Das städtische Orchester widmete sich musikalisch der blühenden Jahreszeit – auch wenn es am Sonntag regnete.

Wuppertal. Weder Anton Weberns "Im Sommerwind" noch Robert Schumanns "Frühlingssinfonie" konnten das trüb-regnerische Schmuddel-Wetter in Wuppertal gestern verscheuchen.

Dennoch ist das Sinfonieorchester vom "Frühlingsdrang" getrieben, wie der Titel des 7. Konzerts in der Stadthalle verspricht. Und legt man rein spieltechnische und die Stimmung fördernde Maßstäbe an, werden tatsächlich alle Wünsche erfüllt.

Webern hat sein "Idyll für großes Orchester" 1904 als Student geschrieben - noch ganz in spätromantischer Tradition dem Programm eines Gedichts von Bruno Wille folgend, das sinnlich wahrnehmbare Naturvorgänge schildert.

Doch wie das Orchester unter Toshiyuki Kamioka die versonnenen, feierlichen und bewegten Passagen nimmt, das schafft eine ungemein spannungsreiche Dichte. Säuselnde Geigen, träumerische Flötenweisen und zitternde Harfenklänge treffen immer wieder auf die Wucht des groß besetzten Orchesters im Wagner-Gestus. In Erinnerung aber bleiben vor allem das beseelte und wundervoll singende Orchester-Piano, das den Hauch der lauen Lüfte geradezu körperlich spürbar macht.

Felix Mendelssohn Bartholdys "Reformationssinfonie" in d-Moll fügt sich im weichen Schwellen des "Andante" gut an, steigert sich aber im Kopfsatz zu höchster Dramatik mit prägnanten Bläsersignalen. Nach dem "con-fuoco"-Schluss braucht selbst der Dirigent, wie immer mit ganzem Körpereinsatz leitend, eine kurze Verschnaufpause.

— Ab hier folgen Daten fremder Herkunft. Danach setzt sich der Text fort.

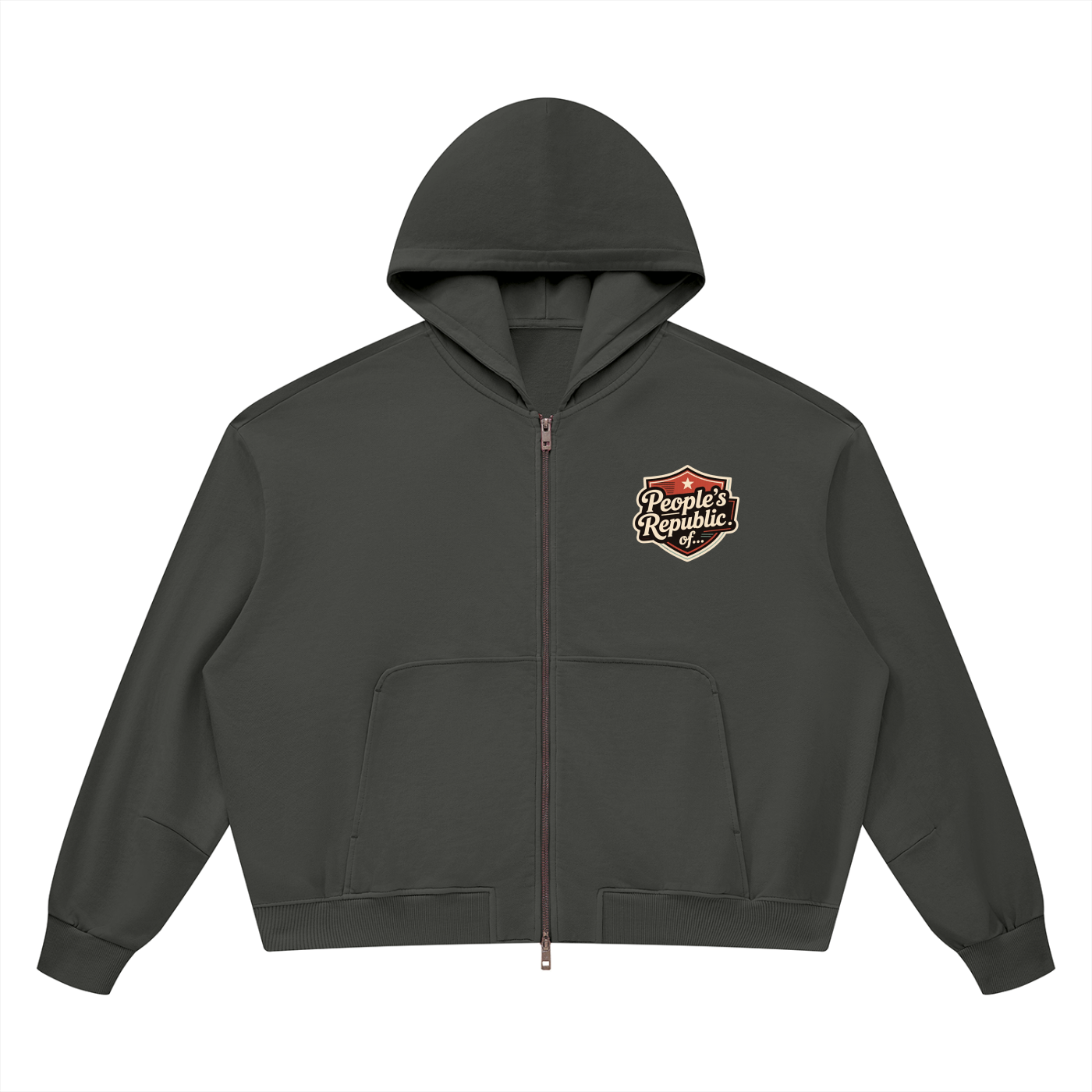 Unisex Vintage Wash Boxy Full Zip Hoodie
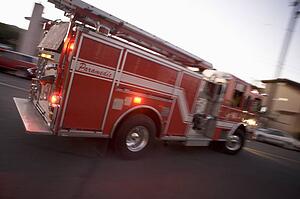 Fire engine on street (blur)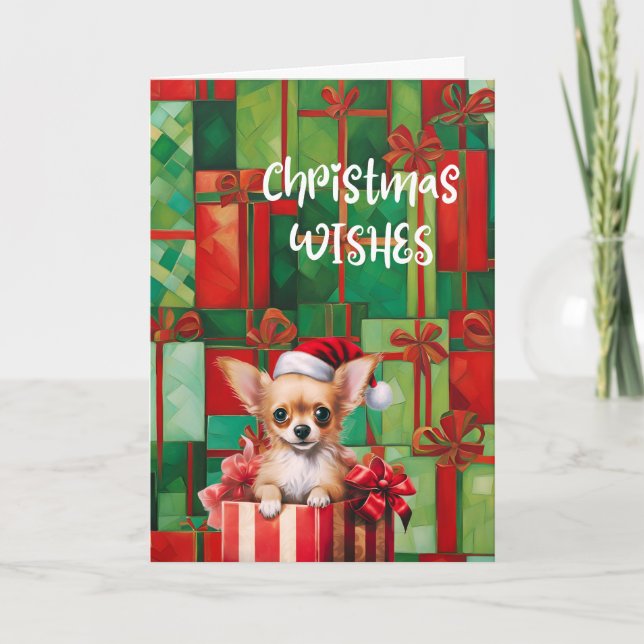 Chihuahua Weihnachtswünsche & Kisses Karte (Vorderseite)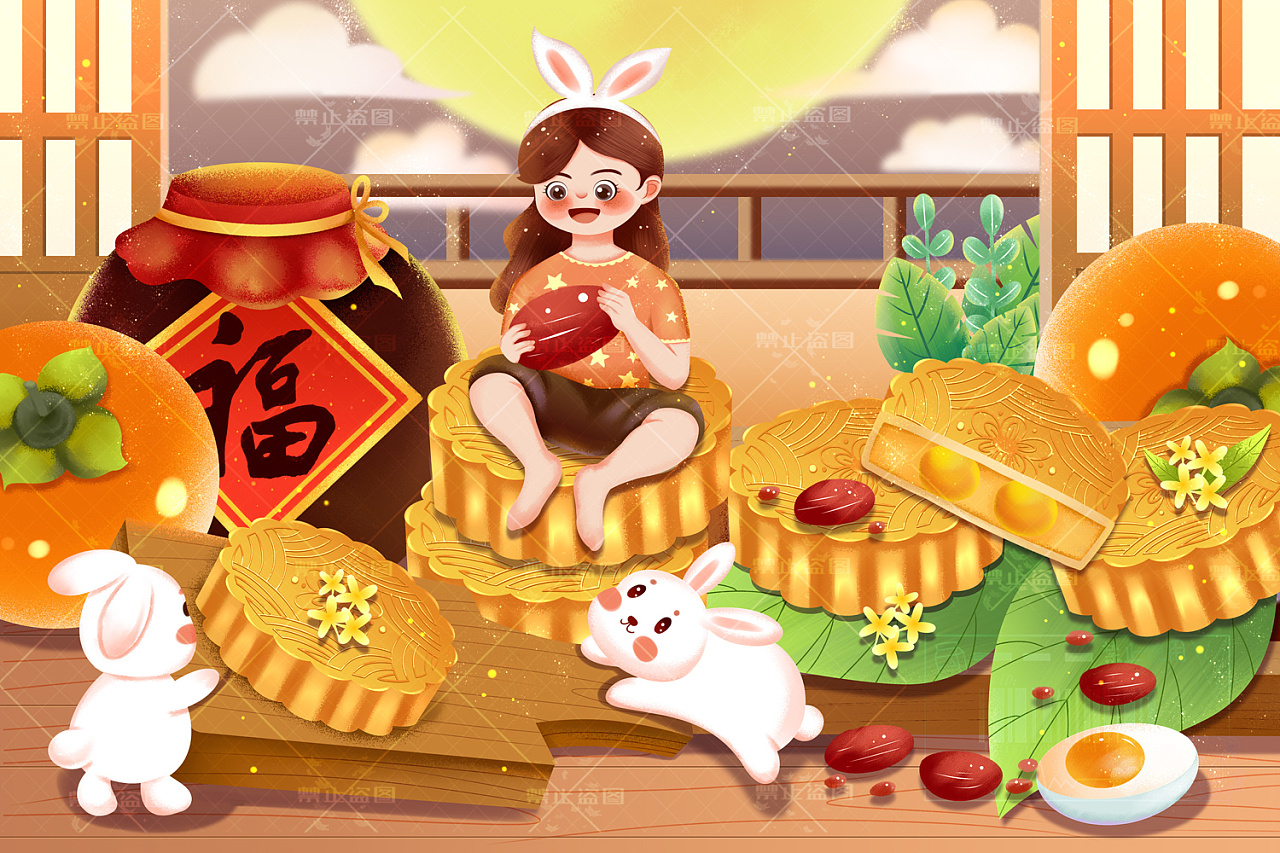 中秋美食吃货插画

Das "Allegro vivace" dagegen ist ein sehr entspannter, beschwingter, tänzerischer Satz - im Frühling durchaus im Freien zu tanzen. Im Finale verarbeitet Mendelssohn den Choral "Ein feste Burg ist unser Gott" und schafft sakrale Feierlichkeit durch reiche Harmoniefolgen und Steigerungen ins Heroische.

Ebenfalls nicht durchgängig frühlingshaft entspannt kommt Schumanns "Frühlingssinfonie" daher, seine erste Sinfonie in B-Dur. Immerhin ließ auch er sich von einem Frühlings-Gedicht von Adolf Böttger anregen. Da geht es um schwere Wolken, graue Schleier, wallenden Nebel, um Tränen im Gesicht und Schatten auf der Seele.

Den Schluss "O wende, wende deinen Lauf - Im Tale blüht der Frühling auf" wollte er zum Leitgedanken der Sinfonie machen. Dennoch kann auch die tirilierende Flöte nicht über die gedämpfte Stimmung hinwegtäuschen, die sich erst langsam hebt. Latente Traurigkeit und pochende Unruhe durchzieht die Sätze, denen Bläser-Soli und Streicherfiguren ab und zu freudigere Glanzpunkte aufsetzen.

Im Finale endlich hält der Frühling mit einem Fest Einzug in der Stadthalle: Orchester-Fanfaren treffen auf leicht gestrichelte Streicher-Melodik, Einwürfe dunklerer Färbung setzen sich kaum noch durch, Flöten-Triller und Hörner begrüßen ihn in munterem Wirbel: Auch bei Schumann ist es endlich Frühling geworden.